Юрий Лотман рассказывает о семье Тургеневых в середине XIX века. «Семья Тургеневых – своего рода замечательная семья. Это была небогатая семья, но и не бедная. Но поскольку они были небогаты, они служили и всегда были связаны с государственными должностями. А поскольку это была семья образованная, талантливая, они занимали высокие должности. Поскольку это была семья людей с высокой совестью, с европейским кругозором, с широким умом, то это была семья либеральная, а некоторые ее участники были видными, организующими деятелями декабристского движения».
Николай Иванович еще в студенческие годы в Геттингене изучал политэкономию, написал работы о возможности и целесообразности отмены крепостного права в России. Во время войны с Наполеоном он был дипломатом в Пруссии и одновременно организовал тайное общество, которое позже объединилось с Союзом Благоденствия. Николай Иванович выступал за конституционную монархию, но допускал также возможность президентской республики. Главным для него была отмена в новом государстве крепостного рабства. Не случайно Пушкин писал в 10-й главе «Евгения Онегина»:
Одну Россию в мире видя, Преследуя свой идеал, Хромой[89] Тургенев им внимал И, плети рабства ненавидя, Предвидел в сей толпе дворян Освободителей крестьян.
Николай Иванович не был на Сенатской площади в день восстания, и не только потому, что находился в то время за границей. Чем серьезнее и конкретнее становился заговор, тем больше охладевал к нему Николай. Тем не менее он был осужден заочно, отказался возвращаться в Россию, для того чтобы смиренно понести заслуженное наказание, и остался в Лондоне, затем жил в Париже. Единственный из четырех братьев дожил до 1861 года, когда наконец рухнуло крепостное право.
Старший брат Николая Ивановича – Александр Иванович Тургенев, также оставил свой след в истории русской литературы, хоть сам и не был литератором. Именно он уговорил семью Пушкина отдать будущего поэта в Императорский Царскосельский лицей (и мечтал, чтобы Пушкин продолжил обучение в Геттингенском университете), в 1837 году, только ему позволили сопровождать тело Пушкина в Святогорский монастырь. Между двумя этими событиями уместились многолетняя дружба с поэтом, и стихи, посвященные Александру Тургеневу Пушкиным. Именно в доме братьев Тургеневых Пушкин познакомится с будущими декабристами. Именно там, глядя в окно на Михайловский замок, он написал оду «Вольность».

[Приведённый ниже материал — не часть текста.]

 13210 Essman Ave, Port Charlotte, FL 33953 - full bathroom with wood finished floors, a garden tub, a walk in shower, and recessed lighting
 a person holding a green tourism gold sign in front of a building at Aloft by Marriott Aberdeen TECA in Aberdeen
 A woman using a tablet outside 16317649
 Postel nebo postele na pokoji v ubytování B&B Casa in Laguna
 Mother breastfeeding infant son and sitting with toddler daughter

Удивительно, но кажется, Алексей Николаевич редко вспоминал и напоминал другим о своем родстве с такими замечательными людьми.
Потомки Петра Петровича, в отличие от потомков Ивана Петровича, делали военную карьеру, может, не такую блестящую, как у кузенов, но тоже небезуспешную. Сам Петр Петрович Тургенев служил в армии в чине бригадира, прадед Алексея – Борис Петрович – старший адъютант Главного штаба и вышел в отставку полковником, дед Леонтий[90] Борисович после окончания Морского кадетского корпуса служил во флоте и вышел лейтенантом.